Precisò il figlio Giuseppe: “Io ho indagato a lungo su questo memoriale e non sono venuto a capo di niente. Così come ho indagato a lungo sui presunti figli naturali di mio zio: tutti impostori, spinti a dichiararsi figli di Giuliano perché ancora oggi si crede che mio zio sia morto ricco”.
Al cimitero di Montelepre Mariannina e il figlio non furono gli unici visitatori assidui della tomba del bandito. Il custode del tempo affermò di aver raccolto la confidenza di un distinto signore che gli avrebbe detto di essere il figlio di Giuliano: “Di tanto in tanto questo signore fa visita alla tomba insieme con due bambini e la moglie e arriva su una Mercedes targata Catania. Inoltre ogni due mesi circa viene a deporre fiori sulla tomba una distinta signora sulla cinquantina che si ferma pochi minuti e va via”. Era Maddalena Lo Giudice? Sciortino rivelò di essersi appostato dopo essere stato informato dal custode e disse che non era lei, che conosceva bene.
Il maresciallo Giovanni Lo Bianco, che fu l’artefice indiscusso della caccia a Giuliano, non credette nemmeno lui a Maddalena Lo Giudice. “La santuzza era solo una mitomane e non ha mai conosciuto Giuliano, il quale non ha avuto figli e non ha scritto memoriali di suo pugno. Se poté resistere sette anni uccel di bosco è stato perché rispettava religiosamente le donne. Non ne molestò mai nessuna e solo così riuscì a trovare sempre rifugio in ogni casa di campagna”. Lo Bianco fu l’accusatore di un suo collega, Giuseppe Calandra, anch’egli maresciallo dei carabinieri e impegnato nella lotta al banditismo.

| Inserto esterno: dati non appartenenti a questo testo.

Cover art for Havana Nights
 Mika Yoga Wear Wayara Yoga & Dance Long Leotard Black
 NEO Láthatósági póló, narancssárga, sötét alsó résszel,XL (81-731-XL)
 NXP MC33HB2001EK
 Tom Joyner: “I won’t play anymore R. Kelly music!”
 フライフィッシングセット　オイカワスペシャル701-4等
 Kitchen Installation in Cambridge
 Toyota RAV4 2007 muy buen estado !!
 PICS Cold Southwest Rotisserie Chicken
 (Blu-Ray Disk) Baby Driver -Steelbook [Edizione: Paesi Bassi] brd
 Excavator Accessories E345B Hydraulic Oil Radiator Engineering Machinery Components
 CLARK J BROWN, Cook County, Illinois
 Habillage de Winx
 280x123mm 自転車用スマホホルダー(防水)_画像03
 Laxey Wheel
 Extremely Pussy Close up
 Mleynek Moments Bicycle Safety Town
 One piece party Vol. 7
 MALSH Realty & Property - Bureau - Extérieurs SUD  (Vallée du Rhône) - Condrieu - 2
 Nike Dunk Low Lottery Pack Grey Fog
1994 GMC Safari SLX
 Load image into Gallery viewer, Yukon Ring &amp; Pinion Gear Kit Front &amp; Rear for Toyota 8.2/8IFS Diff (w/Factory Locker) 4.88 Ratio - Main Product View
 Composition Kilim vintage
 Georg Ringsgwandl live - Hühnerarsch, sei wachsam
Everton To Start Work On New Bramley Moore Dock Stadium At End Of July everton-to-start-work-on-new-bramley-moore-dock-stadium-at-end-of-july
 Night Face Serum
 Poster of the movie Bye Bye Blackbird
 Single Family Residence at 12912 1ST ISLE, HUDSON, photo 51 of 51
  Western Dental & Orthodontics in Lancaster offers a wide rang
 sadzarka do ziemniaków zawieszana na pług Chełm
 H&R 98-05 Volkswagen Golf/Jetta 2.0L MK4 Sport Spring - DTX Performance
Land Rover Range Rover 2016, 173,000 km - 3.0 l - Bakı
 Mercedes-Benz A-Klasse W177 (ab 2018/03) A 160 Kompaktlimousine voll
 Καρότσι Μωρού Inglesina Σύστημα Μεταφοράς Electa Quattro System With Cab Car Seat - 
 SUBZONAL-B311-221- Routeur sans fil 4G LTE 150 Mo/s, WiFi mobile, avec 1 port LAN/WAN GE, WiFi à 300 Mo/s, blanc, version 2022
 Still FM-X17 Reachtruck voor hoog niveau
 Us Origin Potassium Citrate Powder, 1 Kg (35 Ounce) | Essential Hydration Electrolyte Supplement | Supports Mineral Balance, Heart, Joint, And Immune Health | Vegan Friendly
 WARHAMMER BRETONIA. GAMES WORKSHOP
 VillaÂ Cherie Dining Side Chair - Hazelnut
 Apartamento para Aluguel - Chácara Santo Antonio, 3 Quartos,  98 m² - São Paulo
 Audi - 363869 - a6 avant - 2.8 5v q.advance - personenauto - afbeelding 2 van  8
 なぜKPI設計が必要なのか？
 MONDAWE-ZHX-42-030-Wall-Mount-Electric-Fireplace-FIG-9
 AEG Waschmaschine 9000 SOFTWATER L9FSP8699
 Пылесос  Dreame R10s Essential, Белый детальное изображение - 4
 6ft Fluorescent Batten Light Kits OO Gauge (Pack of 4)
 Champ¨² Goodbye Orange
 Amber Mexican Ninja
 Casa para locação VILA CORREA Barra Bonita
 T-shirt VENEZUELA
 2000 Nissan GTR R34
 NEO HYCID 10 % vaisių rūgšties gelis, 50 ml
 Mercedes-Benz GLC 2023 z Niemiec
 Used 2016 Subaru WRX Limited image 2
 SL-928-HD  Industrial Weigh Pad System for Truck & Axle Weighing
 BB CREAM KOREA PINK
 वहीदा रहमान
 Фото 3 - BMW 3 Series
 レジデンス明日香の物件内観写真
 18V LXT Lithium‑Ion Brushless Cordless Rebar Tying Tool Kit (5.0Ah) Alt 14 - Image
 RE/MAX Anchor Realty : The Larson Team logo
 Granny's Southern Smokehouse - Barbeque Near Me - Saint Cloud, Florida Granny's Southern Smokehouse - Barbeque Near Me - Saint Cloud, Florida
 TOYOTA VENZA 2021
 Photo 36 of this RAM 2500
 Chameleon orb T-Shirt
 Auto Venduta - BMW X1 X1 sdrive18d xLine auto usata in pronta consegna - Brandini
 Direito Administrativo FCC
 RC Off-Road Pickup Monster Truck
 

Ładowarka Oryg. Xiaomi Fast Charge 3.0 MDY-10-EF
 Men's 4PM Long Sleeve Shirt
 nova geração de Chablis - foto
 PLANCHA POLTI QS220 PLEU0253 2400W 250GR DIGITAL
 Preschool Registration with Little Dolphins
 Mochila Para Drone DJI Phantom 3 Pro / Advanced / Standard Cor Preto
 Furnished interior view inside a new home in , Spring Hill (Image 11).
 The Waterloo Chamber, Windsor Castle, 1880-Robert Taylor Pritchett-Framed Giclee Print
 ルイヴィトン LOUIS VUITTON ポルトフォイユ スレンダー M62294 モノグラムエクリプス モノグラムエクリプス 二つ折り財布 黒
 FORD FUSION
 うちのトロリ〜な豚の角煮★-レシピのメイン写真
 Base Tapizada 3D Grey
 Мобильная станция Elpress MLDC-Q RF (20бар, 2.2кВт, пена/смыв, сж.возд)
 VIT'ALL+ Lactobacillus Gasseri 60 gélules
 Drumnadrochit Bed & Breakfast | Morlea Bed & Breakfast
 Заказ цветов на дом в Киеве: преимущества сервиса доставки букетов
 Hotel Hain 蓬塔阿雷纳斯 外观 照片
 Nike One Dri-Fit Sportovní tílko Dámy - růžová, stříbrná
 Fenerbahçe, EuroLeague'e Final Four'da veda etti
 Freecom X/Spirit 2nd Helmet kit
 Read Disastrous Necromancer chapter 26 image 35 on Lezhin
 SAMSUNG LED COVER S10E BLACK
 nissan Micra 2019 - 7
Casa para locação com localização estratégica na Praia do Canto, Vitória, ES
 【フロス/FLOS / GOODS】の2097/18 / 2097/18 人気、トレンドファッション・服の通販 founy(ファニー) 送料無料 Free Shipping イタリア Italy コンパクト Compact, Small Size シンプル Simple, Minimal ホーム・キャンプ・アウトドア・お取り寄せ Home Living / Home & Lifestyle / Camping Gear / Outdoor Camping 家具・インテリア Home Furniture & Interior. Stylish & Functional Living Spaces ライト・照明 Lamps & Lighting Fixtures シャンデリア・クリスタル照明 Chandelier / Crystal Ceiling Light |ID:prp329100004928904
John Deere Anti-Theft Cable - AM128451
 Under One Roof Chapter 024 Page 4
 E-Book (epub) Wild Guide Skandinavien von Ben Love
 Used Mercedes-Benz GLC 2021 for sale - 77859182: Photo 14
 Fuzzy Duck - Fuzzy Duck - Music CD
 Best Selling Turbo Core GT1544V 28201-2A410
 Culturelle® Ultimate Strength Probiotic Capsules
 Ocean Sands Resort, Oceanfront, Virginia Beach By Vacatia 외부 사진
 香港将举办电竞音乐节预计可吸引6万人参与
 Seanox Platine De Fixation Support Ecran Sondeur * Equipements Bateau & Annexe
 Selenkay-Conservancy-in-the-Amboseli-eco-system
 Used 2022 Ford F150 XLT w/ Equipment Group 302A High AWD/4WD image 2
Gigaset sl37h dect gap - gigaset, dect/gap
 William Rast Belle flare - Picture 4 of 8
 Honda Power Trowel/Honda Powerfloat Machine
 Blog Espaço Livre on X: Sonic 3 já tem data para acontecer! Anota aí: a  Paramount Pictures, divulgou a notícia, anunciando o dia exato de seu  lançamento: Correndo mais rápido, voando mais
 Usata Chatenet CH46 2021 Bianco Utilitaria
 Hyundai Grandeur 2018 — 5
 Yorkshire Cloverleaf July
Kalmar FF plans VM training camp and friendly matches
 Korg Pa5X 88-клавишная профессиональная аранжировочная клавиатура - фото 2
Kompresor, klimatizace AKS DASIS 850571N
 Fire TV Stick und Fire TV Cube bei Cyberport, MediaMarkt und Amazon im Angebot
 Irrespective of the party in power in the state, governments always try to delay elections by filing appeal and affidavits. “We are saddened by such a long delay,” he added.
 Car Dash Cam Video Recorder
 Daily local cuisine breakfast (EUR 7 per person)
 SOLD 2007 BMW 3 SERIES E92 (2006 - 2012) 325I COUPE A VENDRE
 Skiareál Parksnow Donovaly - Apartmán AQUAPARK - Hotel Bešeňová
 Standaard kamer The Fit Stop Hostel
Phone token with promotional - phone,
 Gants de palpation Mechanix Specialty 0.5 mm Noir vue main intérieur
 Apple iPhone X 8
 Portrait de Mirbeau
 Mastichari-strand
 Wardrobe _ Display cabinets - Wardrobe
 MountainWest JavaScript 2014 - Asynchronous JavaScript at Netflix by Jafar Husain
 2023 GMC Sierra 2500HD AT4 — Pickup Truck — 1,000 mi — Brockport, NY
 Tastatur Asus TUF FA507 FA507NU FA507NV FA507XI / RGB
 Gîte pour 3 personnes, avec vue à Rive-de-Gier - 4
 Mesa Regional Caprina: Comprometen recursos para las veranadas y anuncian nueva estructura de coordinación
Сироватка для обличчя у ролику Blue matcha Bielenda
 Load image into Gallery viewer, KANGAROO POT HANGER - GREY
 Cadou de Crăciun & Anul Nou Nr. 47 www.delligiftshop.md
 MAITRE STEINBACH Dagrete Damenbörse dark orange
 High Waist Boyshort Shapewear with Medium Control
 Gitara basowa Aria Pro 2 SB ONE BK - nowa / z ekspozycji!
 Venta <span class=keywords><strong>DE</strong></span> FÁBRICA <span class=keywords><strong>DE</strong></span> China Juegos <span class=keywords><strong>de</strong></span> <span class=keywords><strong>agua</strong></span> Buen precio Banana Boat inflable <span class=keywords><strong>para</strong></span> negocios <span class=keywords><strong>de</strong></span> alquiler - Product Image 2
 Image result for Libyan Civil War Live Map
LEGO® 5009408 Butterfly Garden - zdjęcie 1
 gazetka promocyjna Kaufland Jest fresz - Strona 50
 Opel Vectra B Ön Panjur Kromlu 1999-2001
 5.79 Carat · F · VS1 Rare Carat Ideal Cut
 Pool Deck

Calandra, che avrebbe ispirato Sciascia per Il giorno della civetta, fu da Lo Bianco definito un “falso eroe”. Incontrò Giuliano, è vero, ma per fargli atto di sottomissione scongiurandolo di risparmiargli la vita. Calandra ammise di avere incontrato il bandito, ma per intimargli di consegnarsi. Addusse che fu richiamato a Montelepre da Delia, dove era stato trasferito dopo l’incontro con il bandito, proprio per continuare a dargli la caccia. Pensò di scrivere un libro ma poi rinunciò all’idea. Chi si promise allora di farlo fu Giuseppe Sciortino, che si prese però tempo in attesa che tutti i protagonisti di quel tempo morissero. “Molti dei compagni di mio zio e mio padre hanno lasciato tutto scritto – disse -. La verità non è venuta fuori perché c’è gente che teme la riapertura del processo e troppe persone hanno pagato fino in fondo le loro colpe. Quando saranno tutti morti e non ci saranno più imputati da condannare, parecchi memoriali verranno fuori e molti misteri saranno svelati”. Ma la storia non è andata in questa direzione. Tranne Sciortino, tutti gli altri sono morti, ma i misteri sono rimasti e dei memoriali si è persa ogni traccia, anche se c’è ancora qualcuno che ne è alla ricerca.